Class action lawsuits were filed against various grocery stores alleging violations of California’s Unfair Competition Law (UCL) and Consumers Legal Remedies Act (CLRA) by “[selling] artificially colored farmed salmon without disclosing to consumers the use of color additives”; ultimately, the separate class actions were coordinated and in March 2004 a coordinated class action complaint was filed. Farm Raised Salmon Cases, ___ Cal.4th ___, 72 Cal.Rptr.3d 112, 116 (Cal. 2008). The coordinated class action complaint that alleged “fish farmers feed farm-raised salmon the chemicals astaxanthin and canthaxanthin to obtain a color of flesh resembling that of wild salmon,” that without these chemicals the farm-raised salmon would appear “grayish,” and that “consumers believe the color of salmon is an indication of its origin, quality, freshness, flavor, and other characteristics.” _Id._ According to the class action allegations, consumers are misled into believing that colored farm-raised salmon is actually wild salmon, _id._ The class action further alleged that artificially colored salmon raises health concerns, and that state and federal laws “require food labeling to state that farmed salmon is artificially colored and defendants failed to comply with those requirements.” _Id._ Defense attorneys demurred to the class action complaint in part on the ground that the state law claims were preempted by the federal Food, Drug, and Cosmetic Act (FDCA), which precludes private enforcement; the trial court agreed and dismissed the class action. _Id._, at 116-17. The Court of Appeal also held that plaintiffs’ state law claims were preempted by the FDCA because they are “predicated on a violation of the FDCA”; it therefore affirmed the judgment in favor of the defendants. _Id._, at 117. The California Supreme Court reversed.

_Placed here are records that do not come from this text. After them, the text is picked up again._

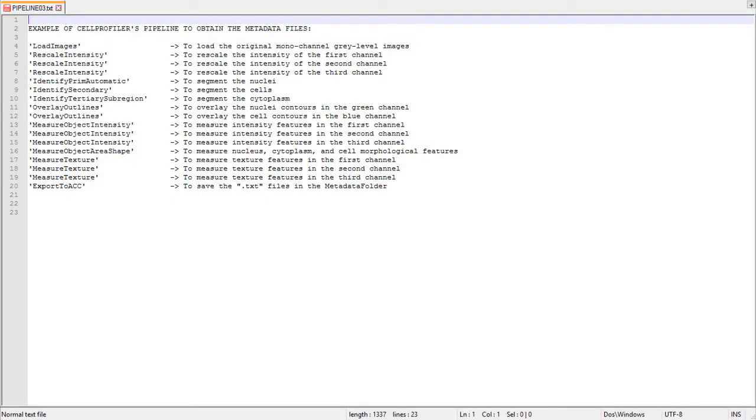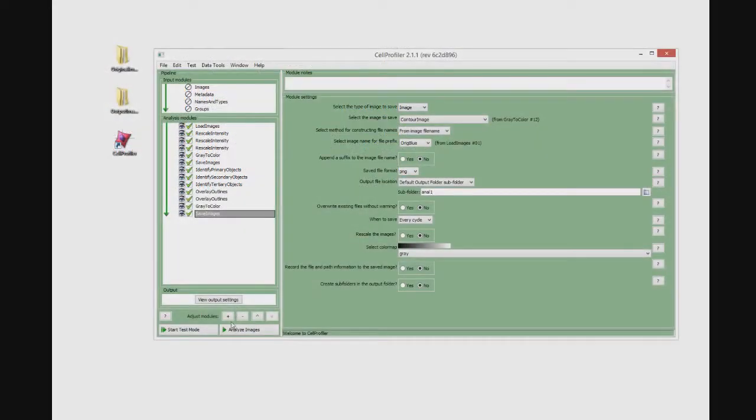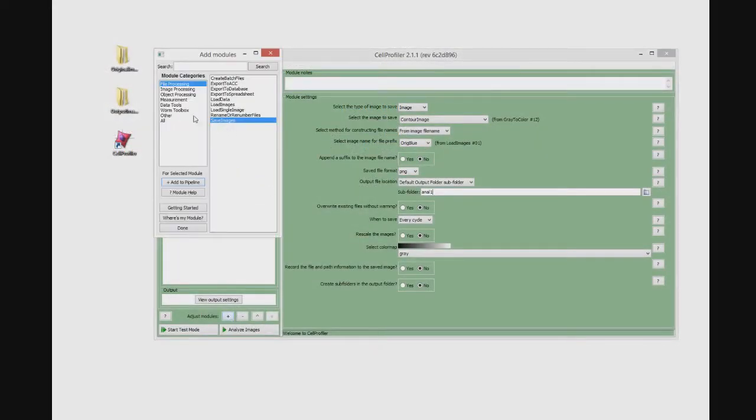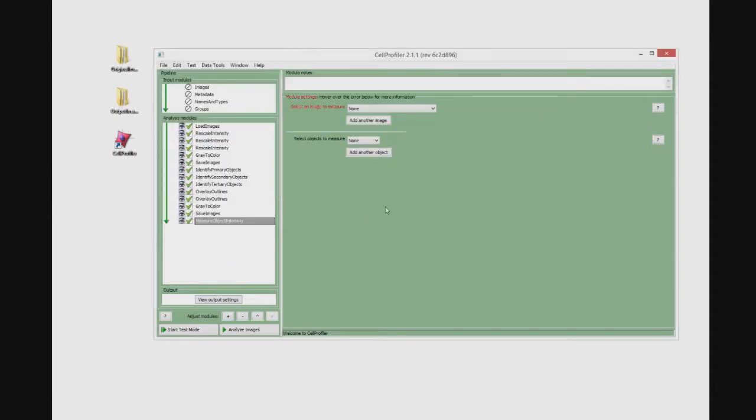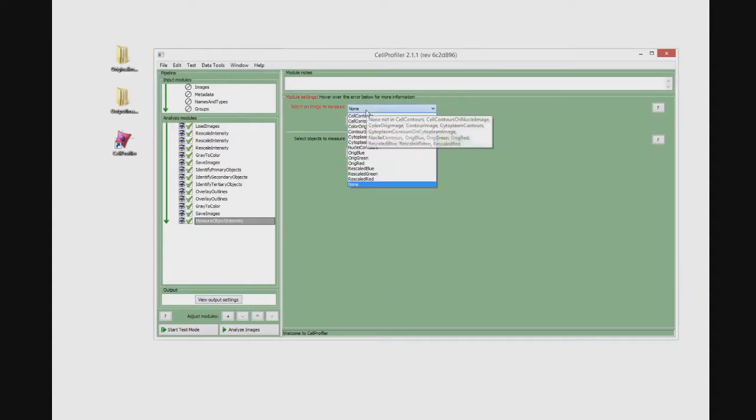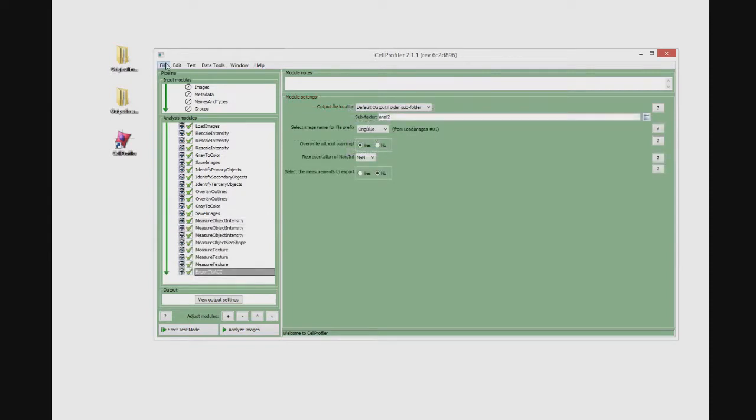Finally we will create the metadata files of numerical feature values that contain single cell data. First of all, we have to add to our pipeline the Cell Profiler modules used to extract the features. Then, we can download the Cell Profiler module designed to export the features computed using Cell Profiler to Advanced Cell Classifier from the Advanced Cell Classifier website.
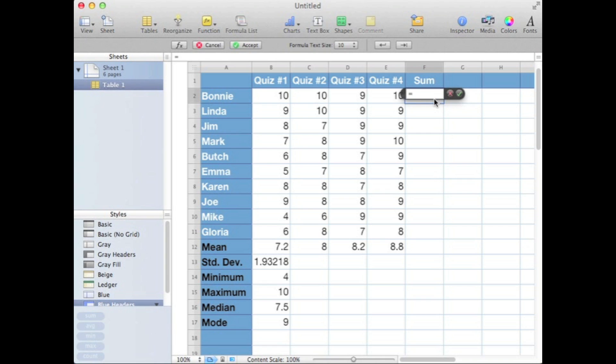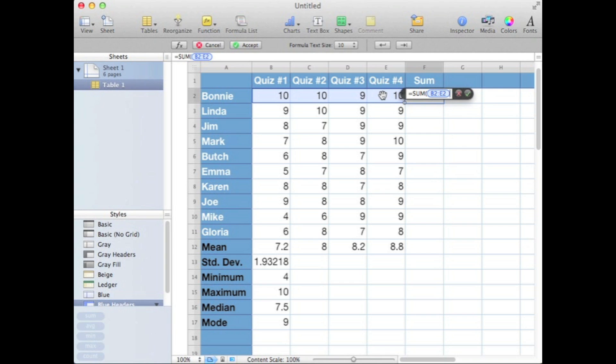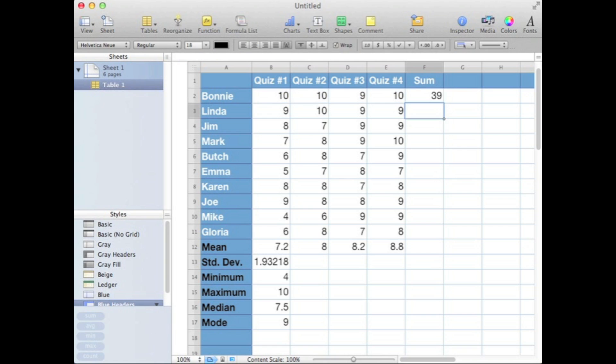We'll start typing the function directly in. The function is sum. We need to write parentheses and then we'll click and drag to define our range, put in our closing parentheses, and return. So we can see Bonnie has earned 39 points.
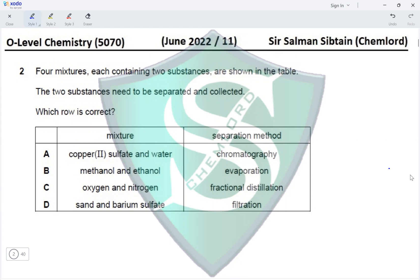Chromatography is not a separation method for copper sulfate dissolved in water — copper sulfate is soluble, forming a solution. Option B: methanol and ethanol are both alcohols that mix; evaporation won't separate them — fractional distillation would. Option C: oxygen and nitrogen separated by fractional distillation — yes, fractional distillation of liquid air separates oxygen and nitrogen, so this is correct. Option D: sand and barium sulfate by filtration — neither is soluble, so filtration is useless. Option C is correct.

After summarizing that the FDCA prohibits the misbranding of any food, and that “a food is…deemed misbranded if ‘[i]t bears or contains any … artificial coloring … unless it bears labeling stating that fact ….,’” the Supreme Court noted that “FDA regulations permit the use of the chemical substances astaxanthin and canthaxanthin in ‘the feed of salmonid fish’ as color additives ‘to enhance the pink to orange-red color of the flesh of salmonid fish.’” Farm Raised Salmon, at 117 (citations omitted). The FDA provides various means of disclosing the existence of these chemicals, the presence of which “must be declared as prescribed by the FDA,” id., at 117-18 (citations omitted). Congress also enacted the Nutrition Labeling and Education Act of 1990 (NLEA) “to create uniform national standards regarding the labeling of food and to prevent states from adopting inconsistent requirements with respect to the labeling of nutrients.” Id., at 118 (citation omitted). The NLEA thus expressly preempts state laws that affect “any food in interstate commerce,” including “any requirement for the labeling of food of the type required by section … 343(k) of this title that is not identical to the requirement of such section,” id. (citation omitted). Thus, state laws impliedly “may establish their own requirements pertaining to the labeling of artificially colored food so long as their requirements are identical to those contained in the FDCA in section 343(k).” Id.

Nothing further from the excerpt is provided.